Global pollution and exposure to hazardous chemical substances, driven by industrialization and modernization, have worsened over the last six decades. It has been estimated that since the 1960s, more than 350,000 chemical molecules have been introduced to our daily lives, and many of them have ended up as pollutants contributing to the human exposome [1]. Being a barrier organ, the skin is subject to lifelong exposure to a variety of environmental factors which undermine its barrier efficacy [2], influencing the physiology of the skin’s response to them and its aging process [3].

The skin aging exposome was defined by Krutmann et al. [3] and “consists of external and internal factors and their interactions, affecting a human individual from conception to death as well as the response of the human body to these factors that lead to biological and clinical signs of skin aging”. The external factors of the skin aging exposome include sun radiation (UV radiation, visible light, and infrared radiation), air pollution, climate change, and other factors falling into the lifestyle category (e.g., tobacco smoke, beauty routine, nutrition, lack of sleep, etc.) [4,5]. Interestingly, the impact of the exposome was quantified to be 80% [6], while that of genome-wide-associated diseases did not exceed 20% [7]. Exposome skin aging is driven by the generation of oxidative reaction species (ROS) [8,9,10] but also by the induction of the expression of genes related to the skin’s protective capabilities against oxidation, such as heme oxygenase-1 (HO-1) and superoxide dismutase-2 (SOD2) [11,12,13,14,15].

In recent years, it has been demonstrated that the oxidative stress initiated by both UV and pollutant exposure contributes to the release of pro-inflammatory cytokines such as IL-2, IL-6, and TNF-α [16]. UV radiation also contributes to the activation of pathways involving lipoxygenase (LOX) and cyclooxygenase (COX) [17] which in turn produce ROS [18] and lipid mediators that induce inflammation [19]. The complex interplay between ROS and chronic levels of inflammation promotes aging, called inflammaging [20].

Cynara cardunculus L. var. scolymus, commonly known as globe artichoke, has been well known for its culinary and medicinal properties since ancient times.
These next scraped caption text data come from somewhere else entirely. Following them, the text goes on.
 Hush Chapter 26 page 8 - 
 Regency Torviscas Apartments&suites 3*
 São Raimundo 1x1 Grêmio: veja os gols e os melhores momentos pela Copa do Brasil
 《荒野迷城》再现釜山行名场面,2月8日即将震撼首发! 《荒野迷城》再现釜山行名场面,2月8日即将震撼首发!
The most important bioactives found in artichoke are polyphenolic compounds (mainly flavonoids and phenolic acids) and sesquiterpenes such as cynaropicrin. It has been reported that the leaves have a higher concentration of sesquiterpenes and phenolic compounds [21]. In recent years, artichoke extracts have gained interest in topical applications, including cosmetics. Marques et al. investigated an artichoke extract containing chlorogenic acid and other bioactive molecules in topical formulations, observing ROS scavenging properties in the presence of H₂O₂ and after UVB radiation in a keratinocyte model. In the in vivo study, formulations containing the artichoke extract decreased the oxidant activity of the UVA radiation, evidencing a true in vivo antioxidant capacity [22]. In recent years, Elsebai et al. demonstrated the protective effect of cynaropicrin on UVB-induced skin aging in normal human keratinocytes [23]. The mechanism of action was related to a decrease in ROS production and the inhibition of pro-inflammatory cytokines (IL-6 and TNF-α) due to the activation of the AhR (aryl hydrocarbon receptor)-Nrf2 (nuclear factor E2-related factor 2)-Nqo1 (NAD(P)H:quinone oxidoreductase 1) pathway. Additionally, Tanaka et al. reported that cynaropicrin suppresses NF-κB-mediated transactivation of bFGF and MMP-1, preventing the photoaging of the skin induced by UV radiation [24].

In this study, we aimed to investigate the antiaging, antioxidant and anti-inflammatory effect of the topical application of a standardized artichoke leaf extract (CYNAGE^TM, Bionap S.r.l., Piano Tavola Belpasso, CT, Italy). These putative mechanisms of action were tested on 22 human volunteers.

2. Materials and Methods

2.1. Trial Design

The trial was a single center, randomized (1:1 balanced randomization), split-face, double blind, placebo-controlled trial conducted in Complife Italia facility in San Martino Siccomario (PV, Italy) between September and November 2023. Complife is an independent international group of testing laboratories specialized in the in vitro and in vivo safety and efficacy assessment of cosmetics, food supplements and medical devices.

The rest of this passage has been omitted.